Jupiter's enormous magnetic field is nearly 20,000 times as powerful as Earth's. Trapped within Jupiter's magnetosphere (the area in which magnetic field lines encircle the planet from pole to pole) are swarms of charged particles. Jupiter's rings and moons are embedded in an intense radiation belt of electrons and ions trapped by the magnetic field. The Jovian magnetosphere, comprising these particles and fields, balloons 1 to 3 million km (600,000 to 2 million miles) toward the sun and tapers into a windsock-shaped tail extending more than 1 billion km (600 million miles) behind Jupiter as far as Saturn's orbit.
Discovered in 1979 by NASA's Voyager 1 spacecraft, Jupiter's rings were a surprise: a flattened main ring and an inner cloud-like ring, called the halo, are both composed of small, dark particles. A third ring, known as the gossamer ring because of its transparency, is actually three rings of microscopic debris from three small moons: Amalthea, Thebe and Adrastea. Data from the Galileo spacecraft indicate that Jupiter's ring system may be formed by dust kicked up as interplanetary meteoroids smash into the giant planet's four small inner moons. The main ring probably is composed of material from the moon Metis. Jupiter's rings are more easily visible when backlit by the sun but have been captured by Hubble Space Telescope images.
In December 1995, NASA's Galileo spacecraft dropped a probe into Jupiter's atmosphere, which made the first direct measurements of the planet's atmosphere. The spacecraft then began a multiyear study of Jupiter and the largest moons. As Galileo began its 29th orbit, the Cassini-Huygens spacecraft was nearing Jupiter for a gravity-assist maneuver on the way to Saturn. The two spacecraft made simultaneous observations of the magnetosphere, solar wind, rings, and Jupiter's auroras.

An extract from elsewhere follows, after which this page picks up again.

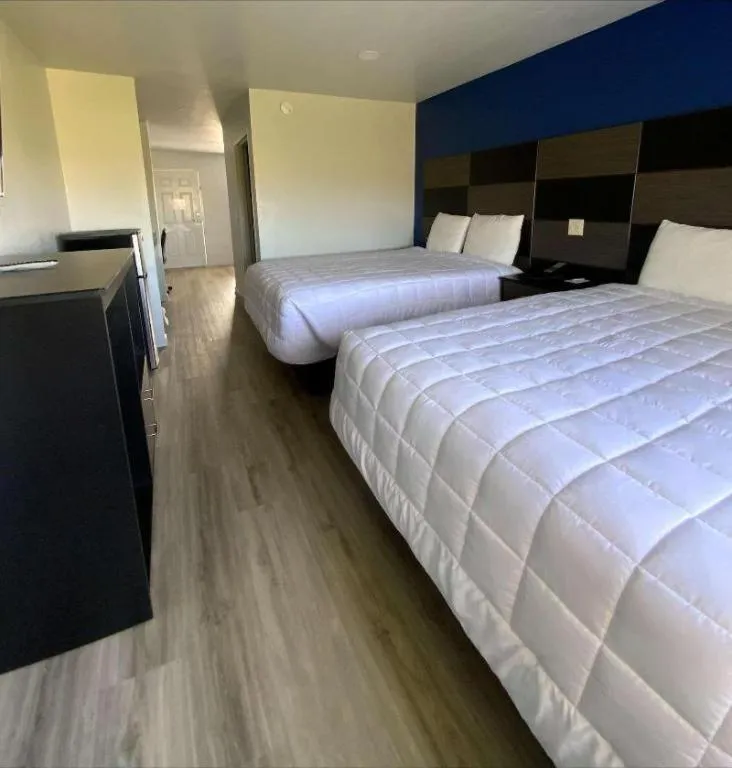 Bed in Americas Best Value Inn Gonzales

NASA launched a mission named Juno in 2011 to conduct an in-depth study of Jupiter from a polar orbit. Juno will examine Jupiter's chemistry, atmosphere, interior structure, and magnetosphere.
How Jupiter Got its Name
The largest and most massive of the planets was named Zeus by the Greeks and Jupiter by the Romans; he was the most important deity in both pantheons.
- 1610: Galileo Galilei makes the first detailed observations of Jupiter.

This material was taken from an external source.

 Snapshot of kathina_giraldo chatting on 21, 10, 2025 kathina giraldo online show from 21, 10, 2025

- 1973: Pioneer 10 becomes the first spacecraft to cross the asteroid belt and fly past Jupiter.
- 1979: Voyager 1 and 2 discover Jupiter's faint rings, several new moons and volcanic activity on Io's surface.

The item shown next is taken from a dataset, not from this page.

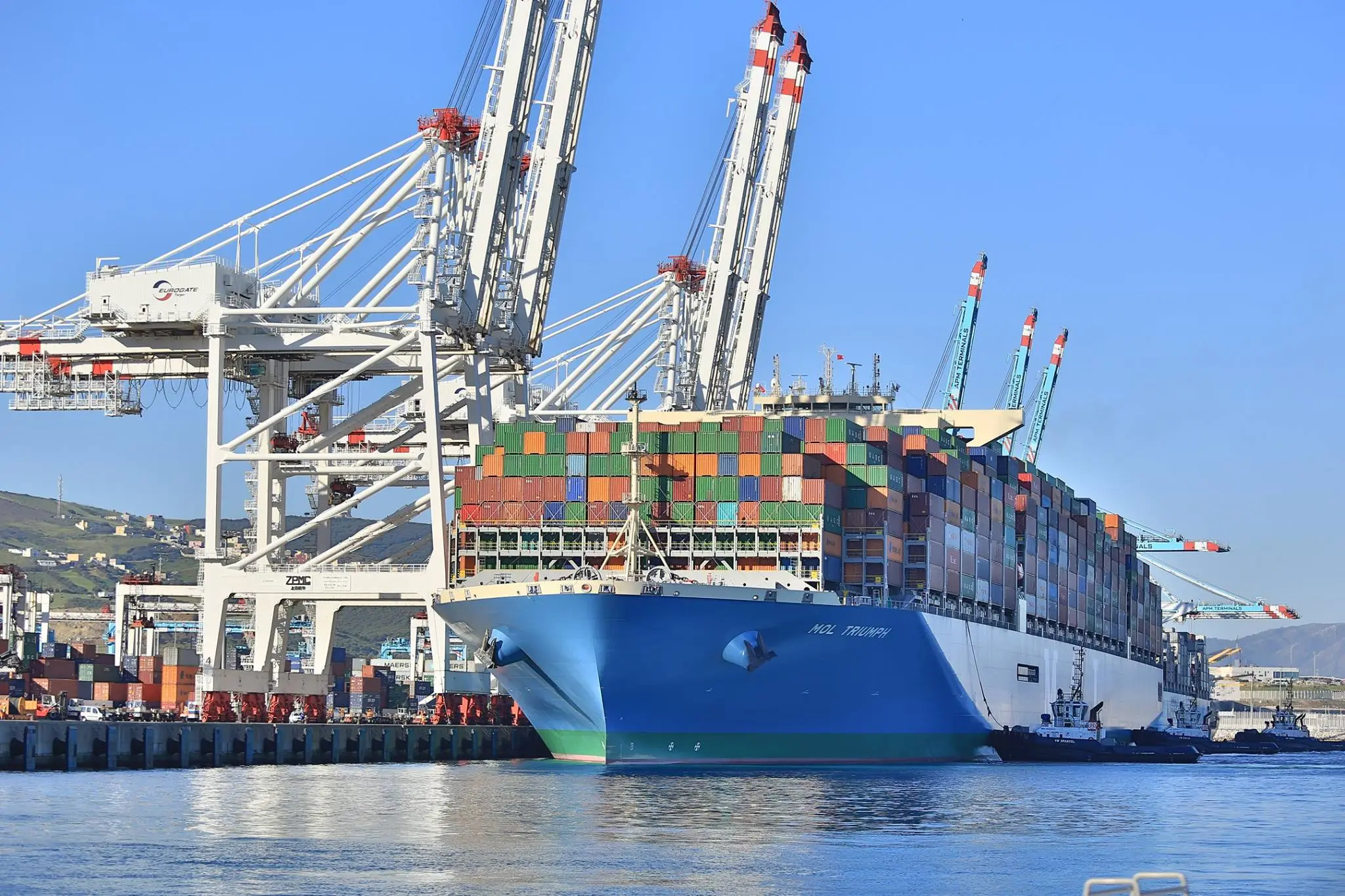 بعد تحقيقه 188 مليار درهم كرقم معاملات صناعي.. ميناء طنجة المتوسطي يستفيد من أزمة مضيق هرمز والمغرب يصعد كبديل لوجيستي في قلب العاصفة الجيوسياسية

- 1994: Astronomers observe as pieces of comet Shoemaker-Levy 9 collide with Jupiter's southern hemisphere.
- 1995-2003: The Galileo spacecraft drops a probe into Jupiter's atmosphere and conducts extended observations of Jupiter and its moons and rings.
- 2007: Images by NASA's New Horizons spacecraft, on the way to Pluto, show new perspectives on Jupiter's atmospheric storms, the rings, volcanic Io, and icy Europa.
- 2009: On July 20, almost exactly 15 years after fragments of comet Shoemaker-Levy slammed into Jupiter, a comet or asteroid crashes into the giant planet's southern hemisphere.
- 2011: Juno launches to examine Jupiter's chemistry, atmosphere, interior structure, and magnetosphere.